Nottinghamshire 13 for 0 trail Essex 298 (Cook 72, Westley 66, Hutton 4-69) by 285 runs
Trent Bridge has been sent more love-letters than Marilyn Monroe ever received and today this perfect old ground received a few more, not all of them from the cricketers. At first, though, one came from Alastair Cook, whose overtures were as gracious as one might expect; his 72 was studded with the strokes he has often played at Nottingham when wearing England colours. Later in the day the blandishments of Stuart Broad and Brett Hutton were brusquer, the pair sharing seven wickets, four with the second new ball, as Essex were dismissed for 298, two runs short of a second bonus point. And this rich day finally ended with a straight-driven boundary from Haseeb Hameed.
But perhaps it was bound to be Trent Bridge that offered us comfort after the bum-numbing, brain-buggered tedium of Lancashire's draw with Somerset at Emirates Old Trafford on Sunday. We had three sessions packed tight with fine things at Nottingham and although some of these may seem extraneous to the cricket, the folk in the Radcliffe Road Stand know it isn't so.
For example, the scorecards are actually made of card rather than the reinforced lavatory paper that some counties currently deem sufficient. And the teams printed thereon are a close approximation to the elevens that take the field rather than a press officer's postmodernist entry for the Booker Prize. This morning they told us that Calvin Harrison would be making his first-class debut for Nottinghamshire and that Ben Duckett was absent from the home side. We later discovered that having made 401 runs in nine innings since April 6, Duckett had been withdrawn by the ECB, presumably to avoid him collapsing with chronic fatigue.
Such an appalling fate has not yet befallen Broad and almost the first entry the conscientious spectators could make on their crisp cards today was to record the dismissal of Nick Brown, leg before wicket for 11 when half forward in the fifth over. Sadly, Broad claimed his victim without appealing to umpire O'Shaughnessy for his judgement, a practice that never fails to look graceless and which will no doubt inspire hundreds of imitations in junior cricket across the country.
But such things could not mar our morning. Cook, who only faced six balls in his old mucker's five-over opening spell, appears to be batting with greater freedom in his latter days and he milked three off-side fours off Hutton and Dane Paterson in the first hour. At the other end, Westley, watchful as a cat in a rat-alley, picked up ones and twos for 70 balls before he straight drove Broad to the pavilion boundary three overs before lunch.
The pair continued in a similar vein on the resumption.
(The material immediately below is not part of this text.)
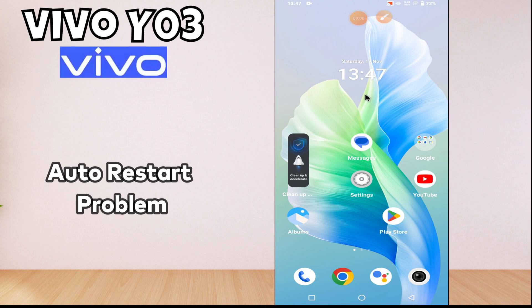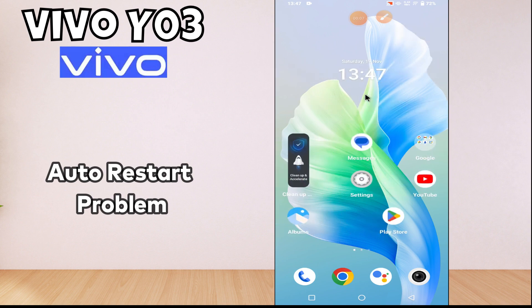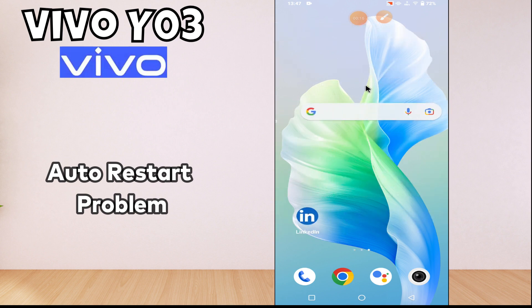Hi everyone, in this video I am going to tell you about the auto restart problem in Vivo Y03. If your device auto restarts automatically, I will tell you how you can fix it. Watch the complete video and follow all the steps. If you are new to my channel, don't forget to subscribe. Now let's move to the detail.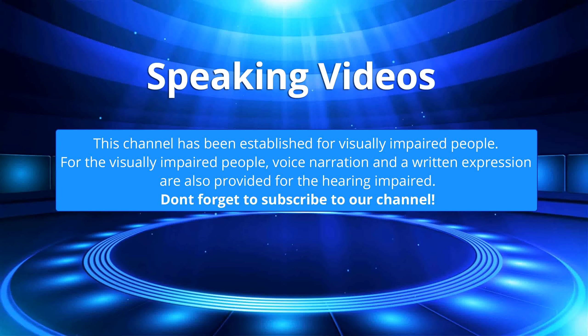This channel has been established for visually impaired people. For the visually impaired people, voice narration and a written expression are also provided for the hearing impaired.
The day was balmy and windless and it appeared we were set for a batting afternoon with Cook enlisting his formidable powers of patience and concentration to help Essex build something formidable. Ben Slater dropped Westley at long leg off Dane Paterson when the Essex skipper was on 40 and we thought the home side could not afford such laxity. It turned out they could.
Six overs later, Cook tried to drive a wideish ball from the same bowler and Harrison marked his debut with a good two handed-catch to his left. Then just as Westley was beginning to dominate Steven Mullaney's attack, he bottom-edged an attempted pull off Paterson and splayed his stumps much as a drunken driver scatters bollards. Sharp as ever to sense an opening, Nottinghamshire's bowlers took two more wickets in the next half hour although they had help from their opponents. Dan Lawrence came down the wicket to Hutton and then feathered his drive to Joe Clarke behind the stumps. It was a funky "england23" shot and uncharitable spectators might have observed that Lawrence would have done better to think what Essex needed today rather than what Ben Stokes might want in three weeks' time. Either way, it was a shabby effort. Two overs later, Matt Critchley meekly followed a ball from Hutton and Essex repaired to the pavilion on 205 for 5.
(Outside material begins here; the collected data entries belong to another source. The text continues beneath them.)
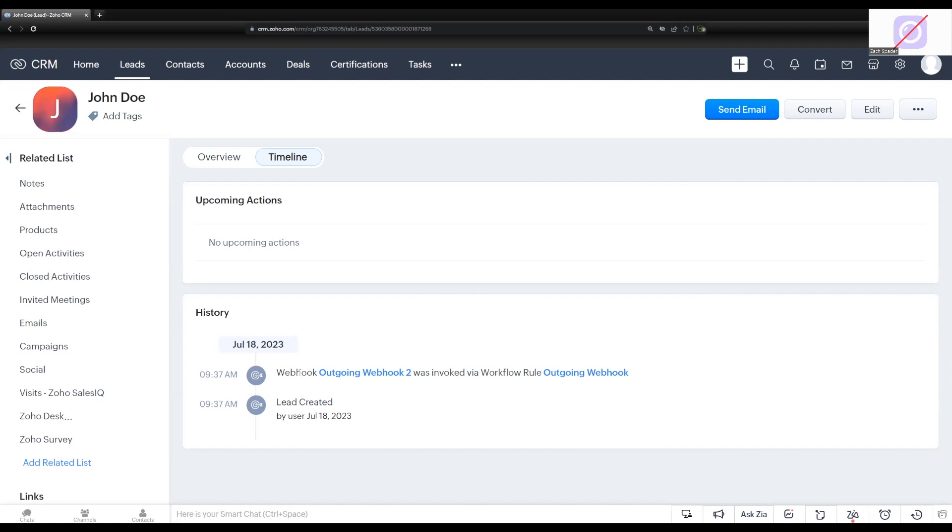And so this has been part one on sending a webhook, an outgoing webhook from Zoho CRM. And we can see here on our lead record that that webhook was sent successfully. In part two of the video, we'll talk about the incoming webhooks and how to set those up. And then we'll see in that video what the data looks like when it actually comes in through the incoming webhook.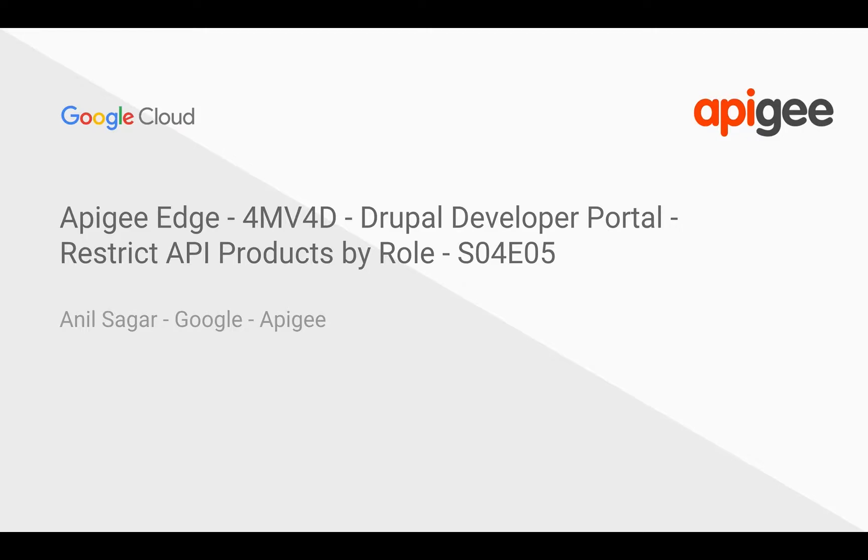Hello everyone, welcome to Apigee Edge 4-minute videos for developers, Season 4: Drupal Developer Portal. In this video, we're going to see how to restrict API products by role in Drupal Developer Portal.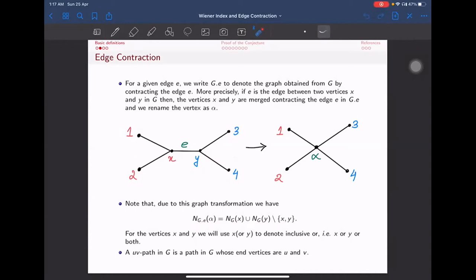We denote the uv-path in G as the path in G whose endpoints are u and v. For example, a 1-3 path would look like 1, 2, x, y, 3, which simplifies to 1, 2, 3.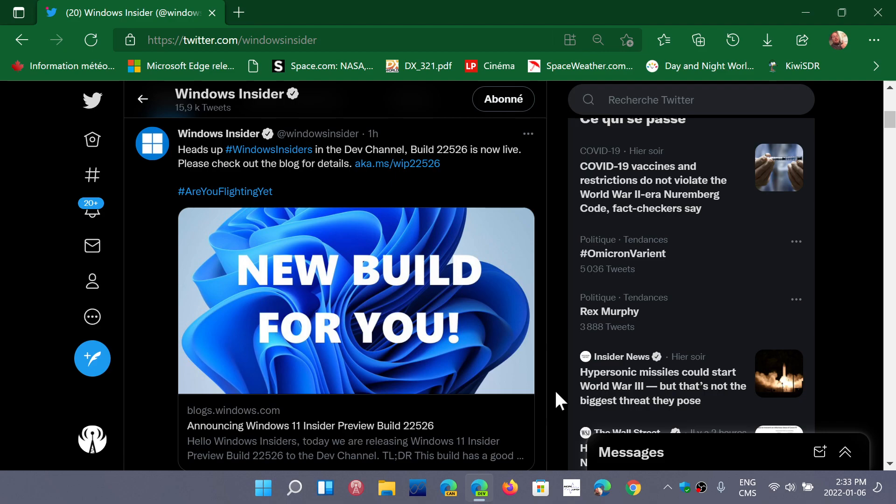Some of the features of the regular stable version for everybody will slowly get new features that will be tested here first. We'll be keeping an eye on the new stuff happening within these builds because it might give a good indication of what to expect later on for the regular folks that are on Windows 11.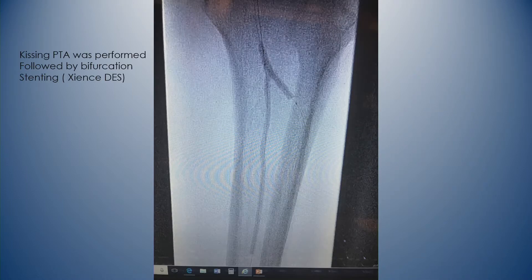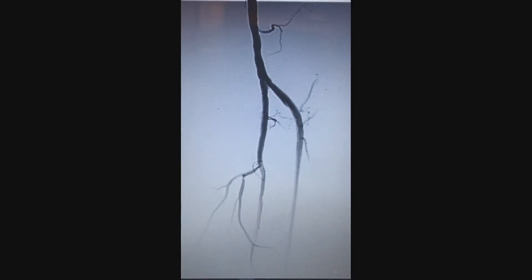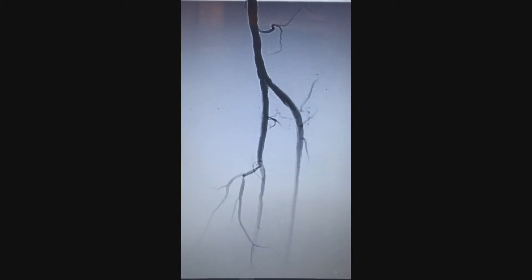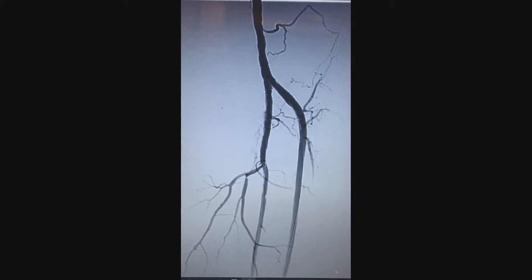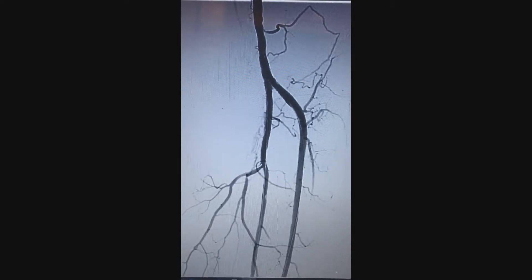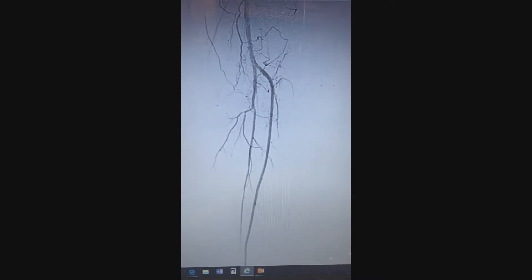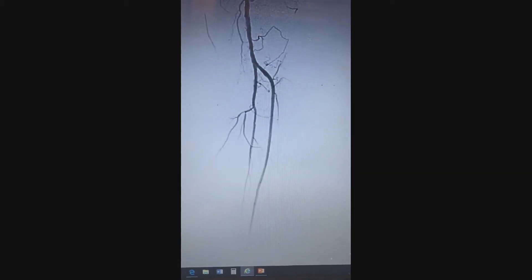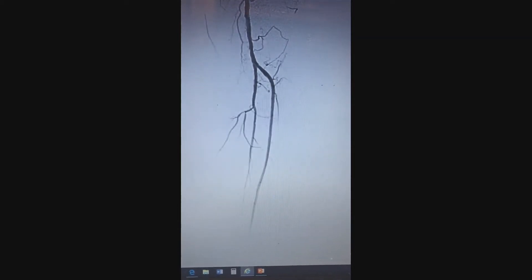And then I moved on to do a kissing balloon, but there was recoil at the bifurcation. So I ended up actually doing a crush stenting bifurcation stenting with two Zion stents, 4-0 and 3-5, and that was the final angiogram. He healed the big toe about almost two months later. He came back about a year and a half later to have an intervention on the right side, and the bifurcation looked very good with the stenting.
The paradox was that Essex's fresh batsmen needed the 20-minute break rather more than Nottinghamshire's tired bowlers. On the resumption, most of the home attack overpitched and both Adam Rossington and Simon Harmer gave such deliveries serious rumpo. The pair had biffed ten fours in their 75-run stand for the seventh wicket when Broad took the new ball and arrowed one into the pads of Harmer who walked without waiting to be told he should. We had thus had a day on which neither bowler nor batsman had required an umpire's decision. Maybe O'Shaughnessy should apply for an unemployment benefit of some sort.
Harmer's dismissal marked the day's final shift. Essex lost their last five wickets for 28 runs in less than ten overs, a conclusion to the day's cricket that most of those at Trent Bridge welcomed warmly. They know this is the best Test venue at which to watch county cricket and Nottingham's position in the hierarchy is questioned only by the deep-dyed at other venues.
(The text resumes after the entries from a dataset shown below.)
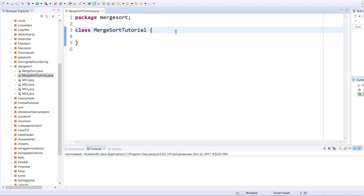Hello everybody, my name is Jonathan Quissis and today I want to teach you about merge sort. The merge sort is a sorting algorithm that splits an array down to single points, all the way down recursively, and then combines each portion of the array until the sorted array is returned.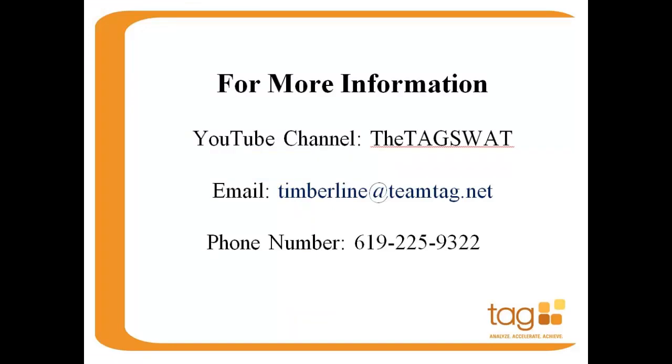Construction and Real Estate, Sage 100 Contractor, or Contractor 5, please subscribe to our YouTube channel. Please feel free to contact us at timberline at teamtag.net or the phone number listed below. Thanks for watching!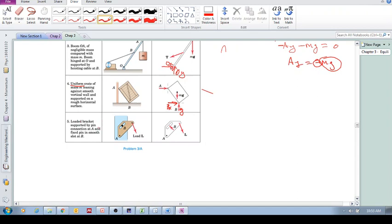A loaded bracket is supported by a pin connection at A and a smooth slot at B. For the pin at A we replace it with Ay and Ax. At the smooth slot, the only reaction that support B can apply to the bracket is to resist motion perpendicular to the slot — it cannot resist motion along the slot direction for small displacements. So only one force component is included at B, which is correct.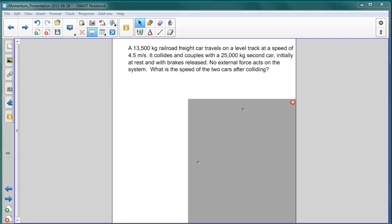It collides and couples with a 25,000 kilogram rail car that's initially at rest with its brakes released. No external force acts on the system. The question is, what is the speed of the two cars after colliding?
This might produce a perverse determination on the part of some neutrals to resist its charms but such a resolve would be useless. One sight of the old pavilion or the uniform white-painted seats and we become soft clay in the hands of those who entered into the inheritance of this place and built it with love. It was really no coincidence that we noticed O'Shaughnessy and Tom Lungley walking round the boundary just before the toss this morning. They might have been beating the bounds of a medieval parish.